On Tue, 9 Jan 2018 14:53:56 -0800
Tejun Heo <t...@kernel.org> wrote:

> Hello, Steven.
> 
> On Tue, Jan 09, 2018 at 05:47:50PM -0500, Steven Rostedt wrote:
> > > Maybe it can break out eventually but that can take a really long
> > > time.  It's OOM.  Most of userland is waiting for reclaim.  There
> > > isn't all that much going on outside that and there can only be one
> > > CPU which is OOMing.  The kernel isn't gonna be all that chatty.  
> > 
> > Are you saying that the OOM is stuck printing over and over on a single
> > CPU. Perhaps we should fix THAT.  
> 
> I'm not sure what you meant but OOM code isn't doing anything bad

My point is, that your test is only hammering at a single CPU. You say
it is the scenario you see, which means that the OOM is printing out
more than it should, because if it prints it out once, it should not
print it out again for the same process, or go into a loop doing it
over and over on a single CPU. That would be a bug in the
implementation.

> other than excluding others from doing OOM kills simultaneously, which
> is what we want, and printing a lot of messages and then gets caught
> up in a positive feedback loop.
> 
> To me, the whole point of this effort is preventing printk messages
> from causing significant or critical disruptions to overall system
> operation.

I agree, and my patch helps with this tremendously, if we are not doing
something stupid like printk thousands of times in an interrupt
handler, over and over on a single CPU.

>  IOW, it's rather dumb if the machine goes down because
> somebody printk'd wrong or just failed to foresee the combinations of
> events which could lead to such conditions.

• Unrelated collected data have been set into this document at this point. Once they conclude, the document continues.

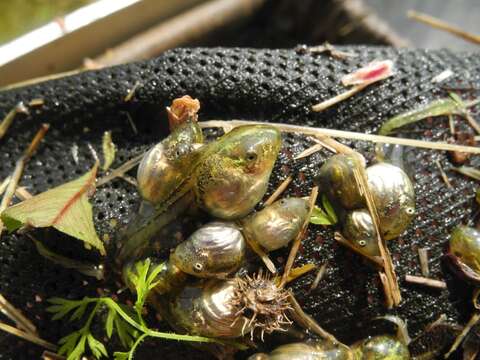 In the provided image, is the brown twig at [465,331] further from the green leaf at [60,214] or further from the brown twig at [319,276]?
the green leaf at [60,214]

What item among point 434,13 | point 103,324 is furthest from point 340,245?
point 434,13

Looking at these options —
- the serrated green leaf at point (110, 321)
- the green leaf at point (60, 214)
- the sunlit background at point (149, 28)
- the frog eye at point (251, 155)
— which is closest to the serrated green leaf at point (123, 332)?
the serrated green leaf at point (110, 321)

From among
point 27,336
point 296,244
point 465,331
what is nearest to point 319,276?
point 296,244

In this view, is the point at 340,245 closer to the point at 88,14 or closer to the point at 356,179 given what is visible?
the point at 356,179

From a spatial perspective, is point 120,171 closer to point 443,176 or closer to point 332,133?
point 332,133

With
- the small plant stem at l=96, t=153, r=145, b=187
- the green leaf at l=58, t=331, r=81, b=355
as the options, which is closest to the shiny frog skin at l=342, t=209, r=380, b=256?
the small plant stem at l=96, t=153, r=145, b=187

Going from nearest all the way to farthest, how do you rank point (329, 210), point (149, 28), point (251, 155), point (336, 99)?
point (251, 155)
point (329, 210)
point (336, 99)
point (149, 28)

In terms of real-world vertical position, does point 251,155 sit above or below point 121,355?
above

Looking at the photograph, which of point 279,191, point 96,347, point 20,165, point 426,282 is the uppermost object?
point 20,165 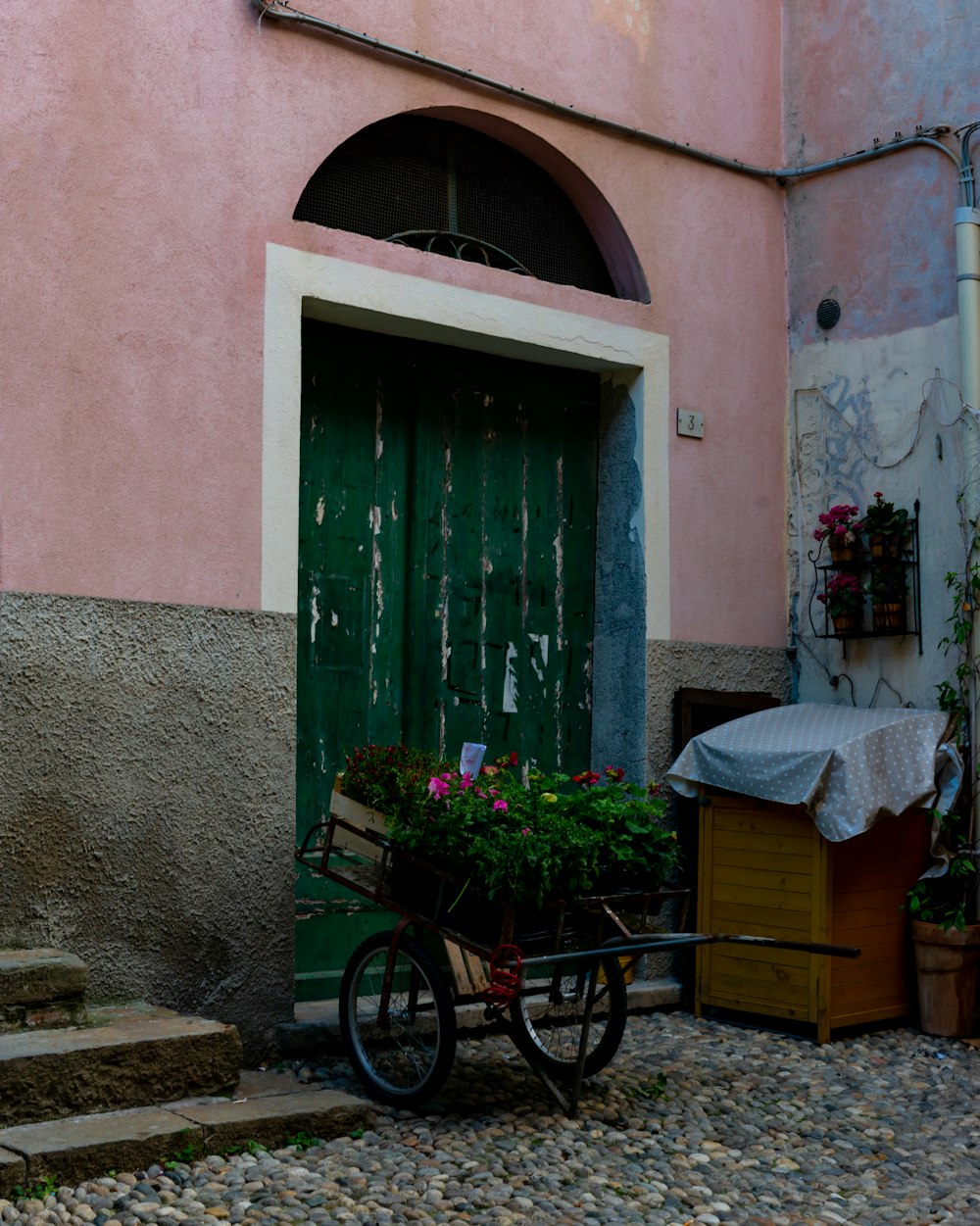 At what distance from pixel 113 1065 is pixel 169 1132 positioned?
1.06 ft

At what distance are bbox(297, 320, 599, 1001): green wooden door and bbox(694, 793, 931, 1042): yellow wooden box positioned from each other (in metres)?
0.90

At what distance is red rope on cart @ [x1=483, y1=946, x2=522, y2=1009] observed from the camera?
165 inches

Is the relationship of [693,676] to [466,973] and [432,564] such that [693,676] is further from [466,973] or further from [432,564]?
[466,973]

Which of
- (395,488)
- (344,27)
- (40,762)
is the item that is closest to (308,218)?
(344,27)

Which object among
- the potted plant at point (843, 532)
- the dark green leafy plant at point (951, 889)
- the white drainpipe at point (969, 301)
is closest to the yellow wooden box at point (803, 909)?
the dark green leafy plant at point (951, 889)

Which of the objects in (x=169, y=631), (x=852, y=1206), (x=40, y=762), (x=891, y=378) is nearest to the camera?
(x=852, y=1206)

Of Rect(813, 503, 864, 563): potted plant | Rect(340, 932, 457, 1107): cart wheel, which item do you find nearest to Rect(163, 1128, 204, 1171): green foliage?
Rect(340, 932, 457, 1107): cart wheel

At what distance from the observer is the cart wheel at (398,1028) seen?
14.6 ft

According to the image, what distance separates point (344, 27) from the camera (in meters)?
5.74

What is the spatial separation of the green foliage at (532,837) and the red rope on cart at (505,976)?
168 millimetres

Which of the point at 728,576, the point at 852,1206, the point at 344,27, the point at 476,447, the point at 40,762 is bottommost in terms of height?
the point at 852,1206

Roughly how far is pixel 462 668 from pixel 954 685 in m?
2.27

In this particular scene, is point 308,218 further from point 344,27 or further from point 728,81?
point 728,81

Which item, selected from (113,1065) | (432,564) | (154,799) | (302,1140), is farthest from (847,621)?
(113,1065) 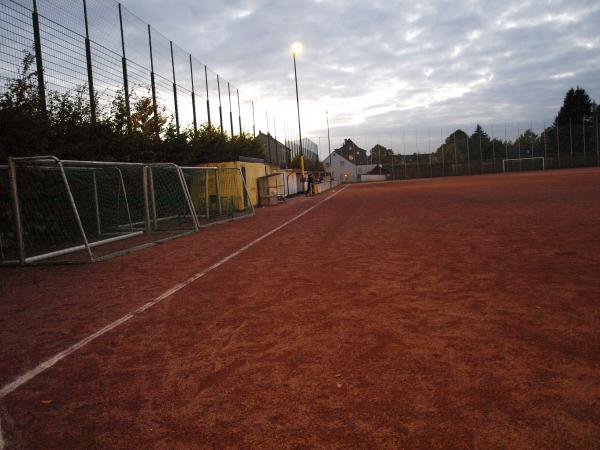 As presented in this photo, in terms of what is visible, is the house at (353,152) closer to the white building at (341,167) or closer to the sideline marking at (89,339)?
the white building at (341,167)

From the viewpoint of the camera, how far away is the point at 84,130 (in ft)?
40.4

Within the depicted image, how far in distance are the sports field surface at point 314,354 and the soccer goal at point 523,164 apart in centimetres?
6832

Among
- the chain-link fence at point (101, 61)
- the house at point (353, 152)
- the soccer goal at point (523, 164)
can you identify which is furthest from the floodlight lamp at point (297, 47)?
the house at point (353, 152)

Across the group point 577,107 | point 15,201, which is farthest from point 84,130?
point 577,107

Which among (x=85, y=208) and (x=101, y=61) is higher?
(x=101, y=61)

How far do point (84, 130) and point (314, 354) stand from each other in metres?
11.1

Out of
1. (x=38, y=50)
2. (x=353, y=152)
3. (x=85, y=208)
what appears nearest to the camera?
(x=38, y=50)

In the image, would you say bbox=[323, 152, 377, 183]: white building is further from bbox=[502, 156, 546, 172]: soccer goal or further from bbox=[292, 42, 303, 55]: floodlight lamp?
Answer: bbox=[292, 42, 303, 55]: floodlight lamp

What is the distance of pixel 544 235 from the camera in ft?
28.5

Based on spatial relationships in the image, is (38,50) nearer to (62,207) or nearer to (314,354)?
(62,207)

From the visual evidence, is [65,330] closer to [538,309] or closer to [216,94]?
[538,309]

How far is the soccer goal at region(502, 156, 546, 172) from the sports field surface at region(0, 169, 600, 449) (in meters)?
68.3

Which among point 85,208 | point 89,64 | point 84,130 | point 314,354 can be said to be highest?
point 89,64

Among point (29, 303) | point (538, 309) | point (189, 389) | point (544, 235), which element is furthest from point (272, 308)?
point (544, 235) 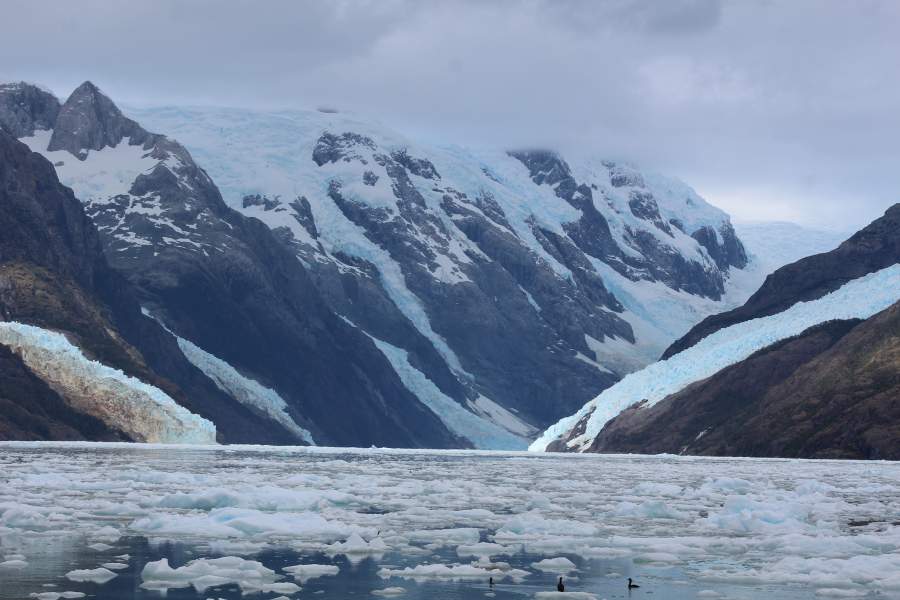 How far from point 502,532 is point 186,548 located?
38.9 feet

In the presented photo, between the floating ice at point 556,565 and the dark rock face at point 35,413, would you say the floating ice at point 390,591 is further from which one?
the dark rock face at point 35,413

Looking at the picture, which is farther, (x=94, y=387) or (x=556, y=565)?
(x=94, y=387)

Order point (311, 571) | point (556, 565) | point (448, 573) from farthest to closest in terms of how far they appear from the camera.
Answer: point (556, 565) → point (448, 573) → point (311, 571)

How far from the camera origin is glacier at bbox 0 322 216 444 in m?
174

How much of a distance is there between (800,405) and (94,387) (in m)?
87.6

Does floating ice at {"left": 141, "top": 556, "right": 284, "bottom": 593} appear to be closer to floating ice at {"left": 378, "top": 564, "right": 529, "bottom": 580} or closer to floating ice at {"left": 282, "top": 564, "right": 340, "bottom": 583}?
floating ice at {"left": 282, "top": 564, "right": 340, "bottom": 583}

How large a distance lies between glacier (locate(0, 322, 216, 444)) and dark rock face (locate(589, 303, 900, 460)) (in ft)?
213

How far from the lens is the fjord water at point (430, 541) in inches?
1425

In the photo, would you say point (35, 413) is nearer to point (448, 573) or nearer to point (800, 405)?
point (800, 405)

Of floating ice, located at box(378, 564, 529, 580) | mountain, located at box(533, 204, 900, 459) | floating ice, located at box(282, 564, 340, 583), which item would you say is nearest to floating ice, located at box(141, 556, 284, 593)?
floating ice, located at box(282, 564, 340, 583)

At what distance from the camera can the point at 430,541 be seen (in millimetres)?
46188

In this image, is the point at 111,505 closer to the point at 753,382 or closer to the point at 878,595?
the point at 878,595

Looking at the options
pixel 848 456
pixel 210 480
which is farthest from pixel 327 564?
pixel 848 456

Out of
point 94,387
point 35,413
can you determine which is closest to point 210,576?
point 35,413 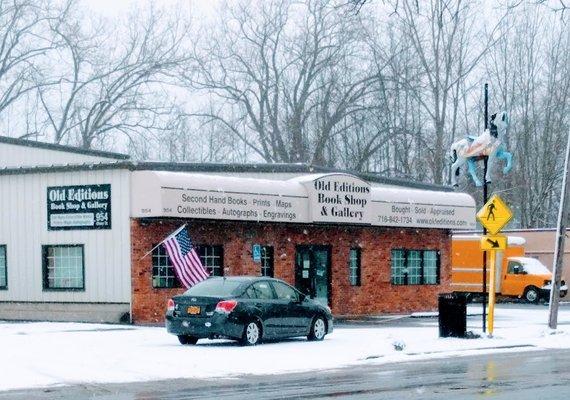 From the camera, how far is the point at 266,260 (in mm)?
35062

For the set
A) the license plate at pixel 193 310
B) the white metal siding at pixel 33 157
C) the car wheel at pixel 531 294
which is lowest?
the car wheel at pixel 531 294

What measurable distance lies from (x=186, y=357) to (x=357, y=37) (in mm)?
34752

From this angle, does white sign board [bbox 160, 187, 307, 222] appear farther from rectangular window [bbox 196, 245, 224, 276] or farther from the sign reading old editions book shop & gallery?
the sign reading old editions book shop & gallery

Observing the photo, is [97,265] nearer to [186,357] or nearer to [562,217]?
[186,357]

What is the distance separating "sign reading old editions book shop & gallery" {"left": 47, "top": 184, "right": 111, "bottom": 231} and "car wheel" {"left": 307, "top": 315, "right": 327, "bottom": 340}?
25.1 ft

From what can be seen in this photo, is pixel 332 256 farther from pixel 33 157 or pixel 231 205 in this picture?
pixel 33 157

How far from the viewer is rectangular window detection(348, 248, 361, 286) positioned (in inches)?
1507

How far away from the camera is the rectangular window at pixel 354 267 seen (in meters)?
38.3

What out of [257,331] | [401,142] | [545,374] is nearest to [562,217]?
[257,331]

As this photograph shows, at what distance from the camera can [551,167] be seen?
65.7 meters

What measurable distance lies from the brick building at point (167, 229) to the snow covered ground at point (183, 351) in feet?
6.17

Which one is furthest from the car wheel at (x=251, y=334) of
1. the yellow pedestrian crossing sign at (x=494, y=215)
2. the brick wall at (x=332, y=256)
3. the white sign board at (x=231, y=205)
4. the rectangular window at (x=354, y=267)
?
the rectangular window at (x=354, y=267)

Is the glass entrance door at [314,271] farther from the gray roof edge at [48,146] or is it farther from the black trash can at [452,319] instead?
the black trash can at [452,319]

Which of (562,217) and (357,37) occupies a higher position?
(357,37) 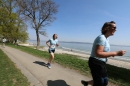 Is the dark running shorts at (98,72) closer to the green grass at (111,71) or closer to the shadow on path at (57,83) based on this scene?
the shadow on path at (57,83)

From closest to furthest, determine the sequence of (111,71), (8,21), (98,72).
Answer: (98,72) < (111,71) < (8,21)

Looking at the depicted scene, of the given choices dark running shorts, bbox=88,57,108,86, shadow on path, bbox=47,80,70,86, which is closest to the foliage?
shadow on path, bbox=47,80,70,86

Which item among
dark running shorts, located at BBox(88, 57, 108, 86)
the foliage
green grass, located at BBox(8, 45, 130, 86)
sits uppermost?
the foliage

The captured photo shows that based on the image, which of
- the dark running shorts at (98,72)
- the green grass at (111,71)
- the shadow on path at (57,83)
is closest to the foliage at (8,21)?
the green grass at (111,71)

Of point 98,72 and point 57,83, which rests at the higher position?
point 98,72

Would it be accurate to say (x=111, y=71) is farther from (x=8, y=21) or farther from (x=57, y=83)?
(x=8, y=21)

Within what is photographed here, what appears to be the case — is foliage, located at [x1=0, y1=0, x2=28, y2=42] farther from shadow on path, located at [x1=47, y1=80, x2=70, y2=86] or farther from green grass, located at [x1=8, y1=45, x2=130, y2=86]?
shadow on path, located at [x1=47, y1=80, x2=70, y2=86]

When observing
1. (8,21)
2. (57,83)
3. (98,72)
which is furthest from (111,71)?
(8,21)

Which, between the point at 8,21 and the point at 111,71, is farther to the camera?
the point at 8,21

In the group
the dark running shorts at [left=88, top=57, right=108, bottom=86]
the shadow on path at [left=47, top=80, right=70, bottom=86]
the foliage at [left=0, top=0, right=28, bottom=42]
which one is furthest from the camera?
the foliage at [left=0, top=0, right=28, bottom=42]

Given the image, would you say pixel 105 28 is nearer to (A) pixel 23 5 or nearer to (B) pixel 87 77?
(B) pixel 87 77

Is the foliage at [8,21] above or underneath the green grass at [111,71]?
above

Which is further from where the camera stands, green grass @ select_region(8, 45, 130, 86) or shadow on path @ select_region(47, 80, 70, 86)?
green grass @ select_region(8, 45, 130, 86)

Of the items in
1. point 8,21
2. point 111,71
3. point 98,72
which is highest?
point 8,21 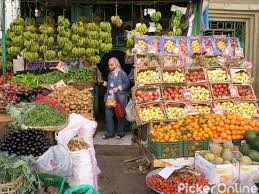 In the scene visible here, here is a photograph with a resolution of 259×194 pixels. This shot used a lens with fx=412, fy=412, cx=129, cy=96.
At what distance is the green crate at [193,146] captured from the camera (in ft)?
19.0

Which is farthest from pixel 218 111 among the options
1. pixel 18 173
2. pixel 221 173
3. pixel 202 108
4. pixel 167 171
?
pixel 18 173

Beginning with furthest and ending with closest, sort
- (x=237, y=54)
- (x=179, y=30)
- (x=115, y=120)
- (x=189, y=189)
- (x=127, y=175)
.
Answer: (x=115, y=120) → (x=179, y=30) → (x=237, y=54) → (x=127, y=175) → (x=189, y=189)

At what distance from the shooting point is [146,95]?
22.3 ft

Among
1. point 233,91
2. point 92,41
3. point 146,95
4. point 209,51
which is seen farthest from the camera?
point 92,41

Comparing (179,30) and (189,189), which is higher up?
(179,30)

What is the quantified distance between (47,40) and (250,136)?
472 centimetres

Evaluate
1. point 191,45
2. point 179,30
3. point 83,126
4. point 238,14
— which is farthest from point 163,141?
point 238,14

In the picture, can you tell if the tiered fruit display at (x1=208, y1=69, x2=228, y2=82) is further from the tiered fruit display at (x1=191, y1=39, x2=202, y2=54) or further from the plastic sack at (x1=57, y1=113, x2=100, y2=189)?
the plastic sack at (x1=57, y1=113, x2=100, y2=189)

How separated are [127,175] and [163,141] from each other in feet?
4.20

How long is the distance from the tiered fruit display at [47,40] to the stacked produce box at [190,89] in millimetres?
2093

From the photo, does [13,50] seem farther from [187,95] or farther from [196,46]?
[187,95]

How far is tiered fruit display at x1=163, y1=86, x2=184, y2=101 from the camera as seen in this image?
6.83m

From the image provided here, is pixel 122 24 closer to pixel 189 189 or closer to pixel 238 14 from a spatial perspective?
pixel 238 14

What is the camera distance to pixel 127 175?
669 centimetres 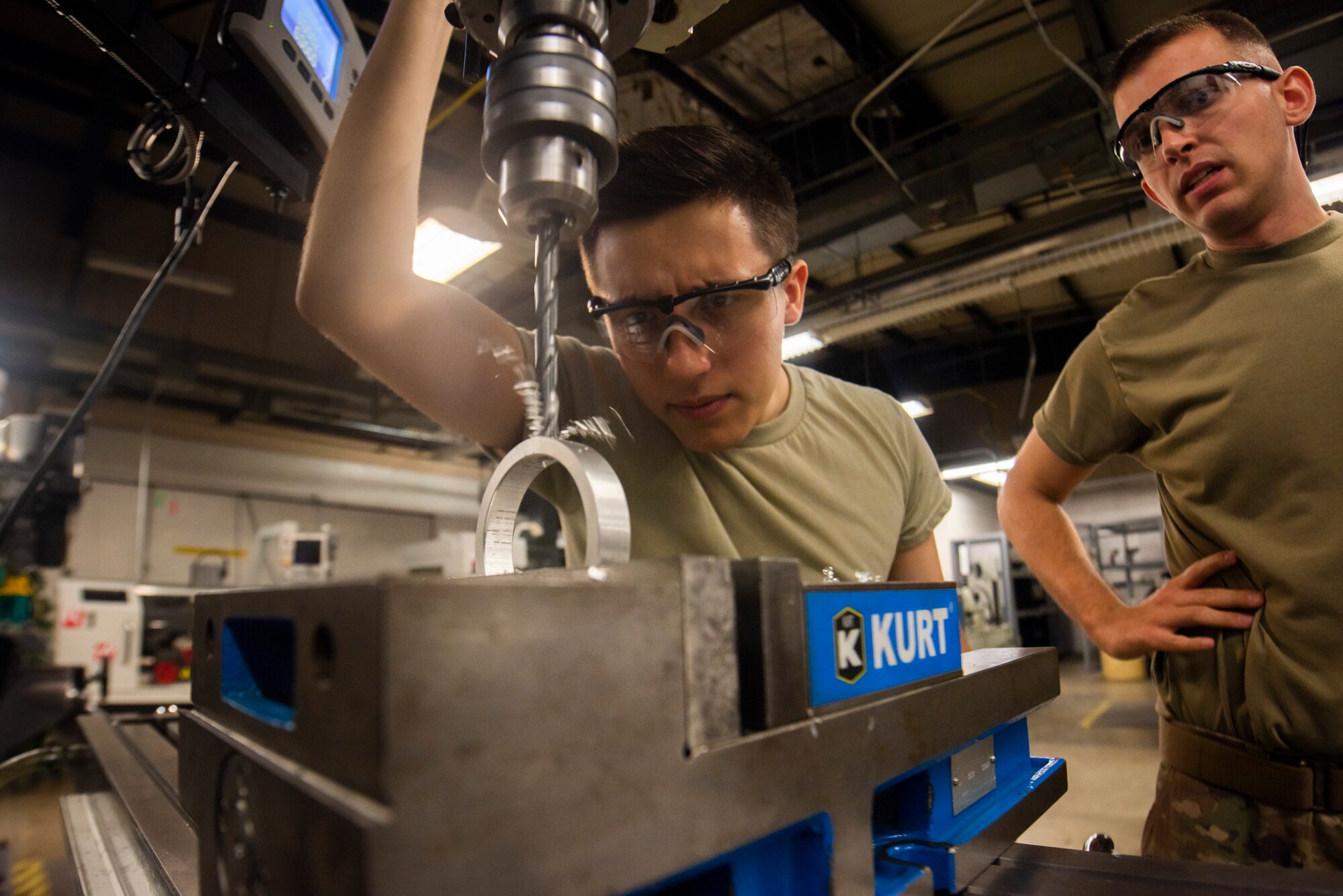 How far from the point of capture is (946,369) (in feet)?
21.8

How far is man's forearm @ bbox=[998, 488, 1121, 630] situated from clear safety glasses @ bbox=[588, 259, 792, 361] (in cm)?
70

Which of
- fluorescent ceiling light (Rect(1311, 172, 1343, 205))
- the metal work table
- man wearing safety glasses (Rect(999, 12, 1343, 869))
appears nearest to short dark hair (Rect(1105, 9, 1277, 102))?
man wearing safety glasses (Rect(999, 12, 1343, 869))

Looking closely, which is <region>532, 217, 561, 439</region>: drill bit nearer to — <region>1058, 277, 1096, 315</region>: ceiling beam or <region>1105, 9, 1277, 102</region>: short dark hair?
<region>1105, 9, 1277, 102</region>: short dark hair

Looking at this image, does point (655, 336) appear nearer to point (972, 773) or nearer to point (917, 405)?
point (972, 773)

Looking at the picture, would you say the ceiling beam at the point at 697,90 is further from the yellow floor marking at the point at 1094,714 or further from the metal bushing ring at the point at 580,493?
the yellow floor marking at the point at 1094,714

I still like to see a trace of a real situation.

> 
> It's not like we don't know how to fix this either.

But we don't want the fix to introduce regressions, and offloading
printk does. Heck, the current fixes to printk has causes issues for me
in my own debugging. Like we can no longer do large dumps of printk from
NMI context. Which I use to do when detecting a lock up and then doing
a task list dump of all tasks. Or even a ftrace_dump_on_oops.